A week or so ago, I joined N and R for dinner at News Cafe. Quite excitedly, they told me about this new place called "Dialogue in the Dark." It has a restaurant, which is engulfed in pitch darkness and you are served by blind waiters.
Interesting idea. My story however doesn't end just yet. That very night I come back home and open  Midnight's Children to the page I had bookmarked it. I turn a few pages and I come across this:

Twin problem of the city's sophisticated, cosmopolitan youth: how to consume alcohol in a dry state; and how to romance girls in the best Western tradition, by taking them out to paint the town red, while at the same time preserving total secrecy, to avoid the very Oriental shame of a scandal? The Midnite-Confidential was Mr. Shroff's solution to the agonizing difficulties of the city's gilded youth.
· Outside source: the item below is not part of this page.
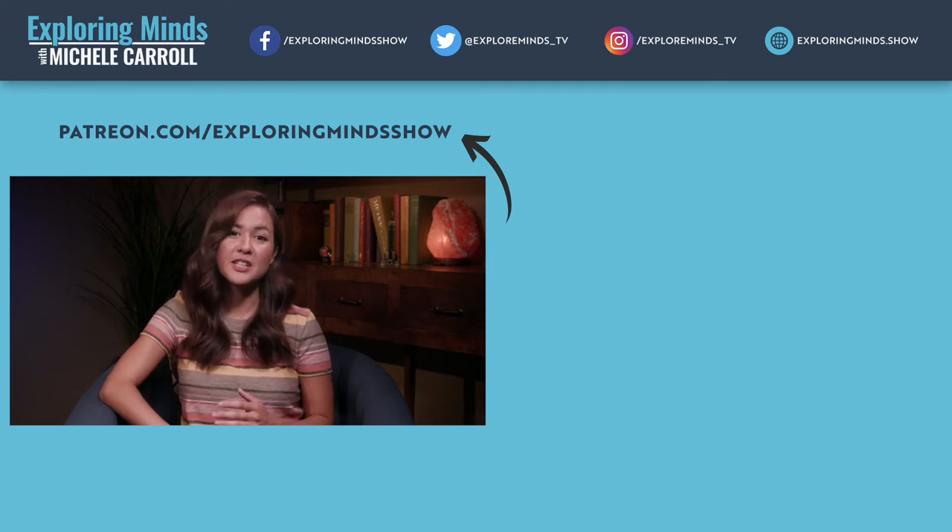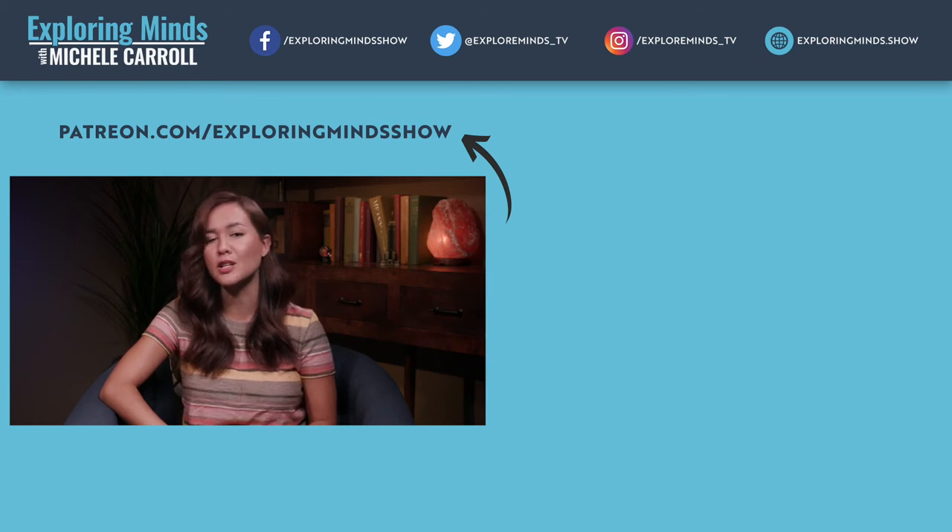Thanks so much for watching the episode. If you're interested in contributing to the conversation and supporting the show, there are two easy things you can do: click subscribe, and visit our Patreon page where you get exclusive access to the Exploring Minds community.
In that underground licentiousness, he had created a world of Stygian darkness, black as hell; in the secrecy of midnight darkness, the city's lovers met, drank imported liquor, and romanced; cocooned in the isolating, artificial night, they canoodled with impunity.
We were led down a lush black carpet --  midnight-black, black as lies, crow-black, anger-black, the black of 'hai-yo, black man!'; in short, a dark rug --  by a female attendant of ravishing sexual charms, who wore her sari erotically low on her hips, with a jasmine in her naval; but as we descended into the darkness, she turned towards us with a reassuring smile, and I saw that her eyes were closed; unearthly luminous eyes had been painted on her lids. I could not help but ask, 'Why...' To which she, simply: 'I am blind; and besides, nobody who comes here wants to be seen. Here you are in a world without faces or names; here people have no memories, families or past; here is for now, for nothing except right now.' 

I know, the chances of  reading something you came across during the day is not unreasonably low (in fact, Jabberwock has talked about something similar today!). So we shall not be creeped out too much by that. What I wonder however is, did life imitate art ? Dialogue in the Dark opened in 1988, Salman Rushdie wrote Midnight's Children in 1981. While such dark restaurants are aplenty now, I could not find any reference to any other such concept that pre-dates Midnight's Children. Or did such a concept really exist in India, which Rushdie discovered during his travels in the country before he wrote the book?

I just wonder who owes whom a hat-tip here.